December 7, 2021

Ex-D.C. Guard official says generals would not ok deployment of DC Natl Guard on Jan 6

 Rioters stand outside the U.S. Capitol in Washington on Jan. 6, 2021.

HEATHER COX RICHARDSON

Politico revealed the contents of a 36-page memo written by Colonel Earl Matthews of the D.C. National Guard to the House Select Committee to Investigate the January 6th Attack on the U.S. Capitol. In the memo, Matthews called two Army generals “absolute and unmitigated liars” for their account of what happened on January 6. He says that General Charles Flynn, who served as deputy chief of staff for operations on January 6 and who is the brother of Michael Flynn, and Lt. Gen. Walter Piatt, the director of Army staff, would not authorize the deployment of the D.C. National Guard despite the pleas of then–Capitol Police Chief Steven Sund.

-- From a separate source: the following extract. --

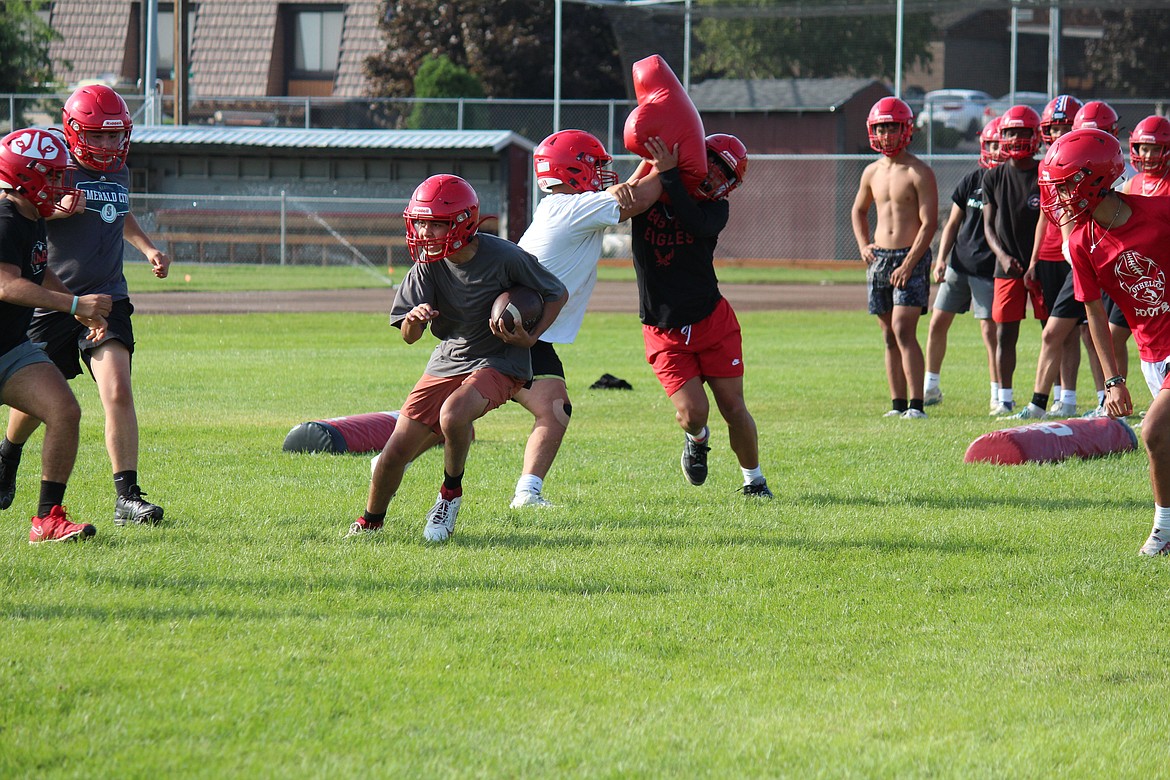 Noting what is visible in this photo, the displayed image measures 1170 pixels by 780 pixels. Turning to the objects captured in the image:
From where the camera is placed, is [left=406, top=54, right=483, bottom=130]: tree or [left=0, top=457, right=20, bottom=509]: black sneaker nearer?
[left=0, top=457, right=20, bottom=509]: black sneaker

In testimony before Congress, both men denied they had stood in the way of the deployment; Matthews says their very careful testimony was “willful deception of Congress.”

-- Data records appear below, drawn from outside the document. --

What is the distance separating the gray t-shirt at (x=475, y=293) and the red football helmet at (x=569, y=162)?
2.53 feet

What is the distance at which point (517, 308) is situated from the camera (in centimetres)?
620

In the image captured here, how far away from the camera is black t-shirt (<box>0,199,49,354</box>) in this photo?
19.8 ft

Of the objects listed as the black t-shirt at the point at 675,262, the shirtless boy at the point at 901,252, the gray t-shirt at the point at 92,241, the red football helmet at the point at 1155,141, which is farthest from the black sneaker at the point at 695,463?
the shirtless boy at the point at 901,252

But not everyone is ignoring behavior that may be criminal. The January 6 committee has been gathering testimony, and we learned today that Marc Short, who was chief of staff to Vice President Mike Pence, is cooperating. Short has worked for Pence for years and objected fiercely to the Eastman memo demanding that Pence overturn the election. Short was with Pence on the day of January 6. According to CNN reporters Jamie Gangel, Michael Warren, and Ryan Nobles, several members of Pence’s inner circle in addition to Short are cooperating with the committee. 

Also today, the Department of Justice sued the state of Texas for violating the Voting Rights Act, saying its aggressively gerrymandered new districts discriminate against minority voters. Ninety-five percent of Texas’s population growth in the past decade has come from Black, Latino, and Asian people, but the new maps dilute their voting power and strengthen that of white voters. Voting rights expert Ari Berman explains that the new maps mean that whites make up 40% of the population but control 60% of the districts, Latinos make up 39% of the population but control 20% of the districts, Blacks make up 12% of the population but control 2% of the districts, and Asians make up 5% of the population but control 0% of the districts.